_Collected data entries_

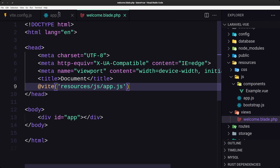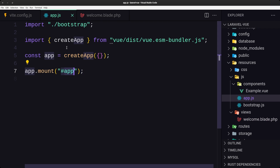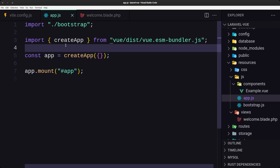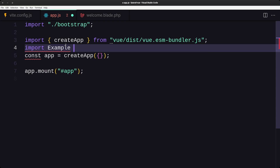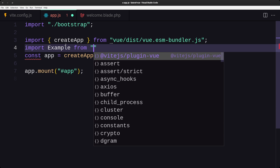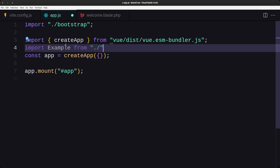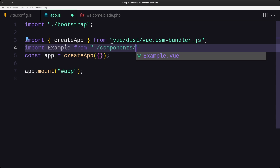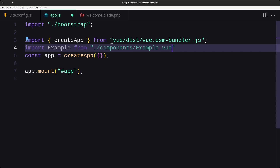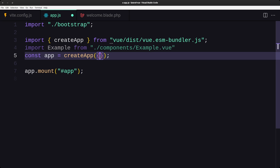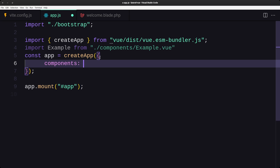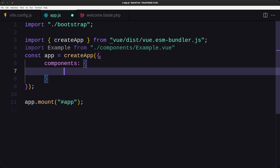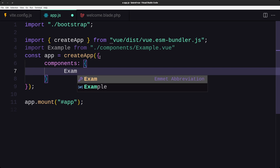Save that. Now let's register that component in app.js. First import it: 'import ExampleComponent from ./components/Example.vue'. Then register it by adding a components object and specifying 'example: ExampleComponent'.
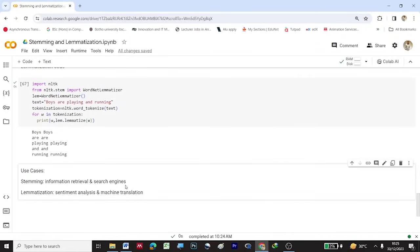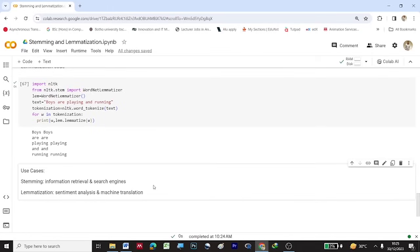As for use cases: stemming is mostly used for information retrieval and search engines, whereas lemmatization is preferred when working with sentiment analysis and machine translation. Thank you.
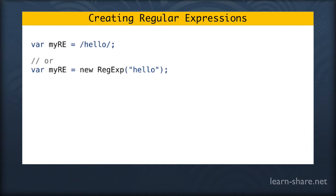Now what we're actually doing here in either of these two cases, we are creating a new regular expression object in JavaScript. JavaScript is an object-oriented language, and I'm using the word new in the second example to actually create a new object. We will talk more about objects later.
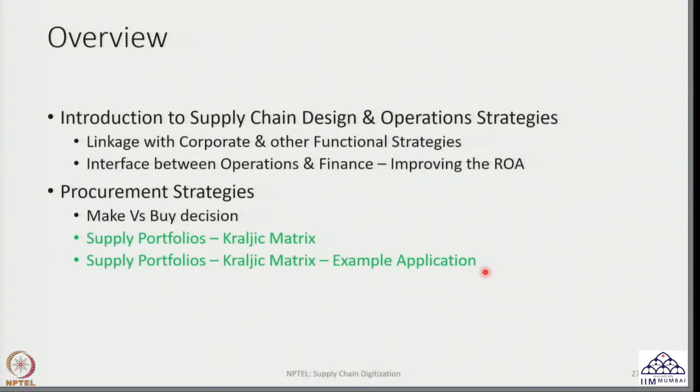Hello and welcome back to the NPTEL session on Supply Chain Digitization. This is a lecture in continuation of procurement strategies, which is part of supply chain design and operation strategies. In the last session, we discussed what is meant by the Kralyic matrix and how it is used in defining supply portfolios. In this session, I will be picking up an example application to demonstrate the use of the Kralyic matrix.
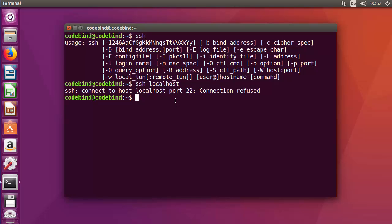You need to install it to allow other operating systems to connect. For example, if you're working on your Windows operating system and you want to access this Ubuntu system via terminal using SSH, you need to install OpenSSH server.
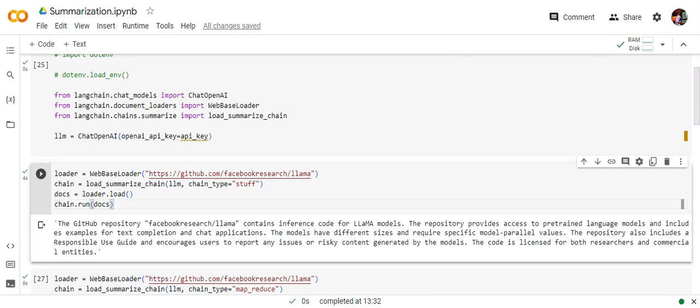So let's see how different versions behave. So we are trying to understand this GitHub repo that is Lama by Facebook and let's understand what this repo is all about.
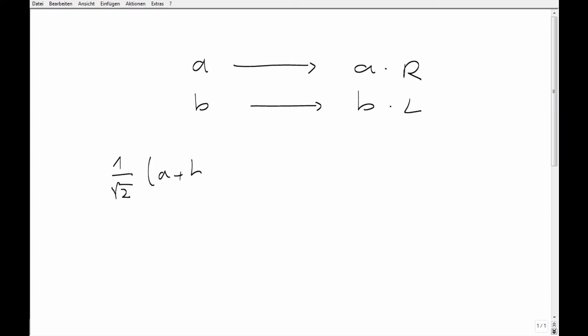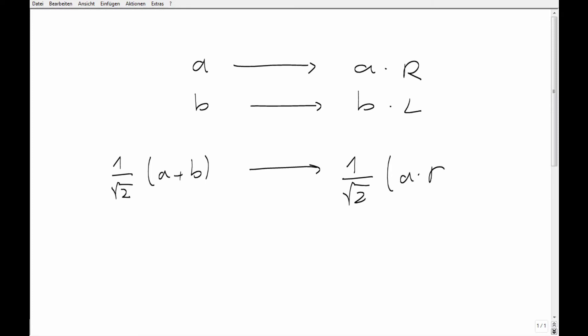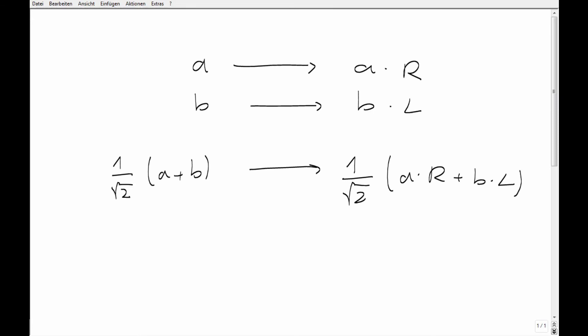Due to the linearity of the Schrödinger equation, the prediction for the wave function of the apparatus after the measurement is pointing left plus pointing right. This is obviously not in agreement with the experimental situation.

_TASK ITEM_
Please transcribe exactly the lines from the one containing "You need to install it" through the final line of the data, including both, and nothing else. Pictures are to be left out.

_RESULT_
You need to install it to allow other operating systems to connect. For example, if you're working on your Windows operating system and you want to access this Ubuntu system via terminal using SSH, you need to install OpenSSH server.
So let's see how different versions behave. So we are trying to understand this GitHub repo that is Lama by Facebook and let's understand what this repo is all about.
Due to the linearity of the Schrödinger equation, the prediction for the wave function of the apparatus after the measurement is pointing left plus pointing right. This is obviously not in agreement with the experimental situation.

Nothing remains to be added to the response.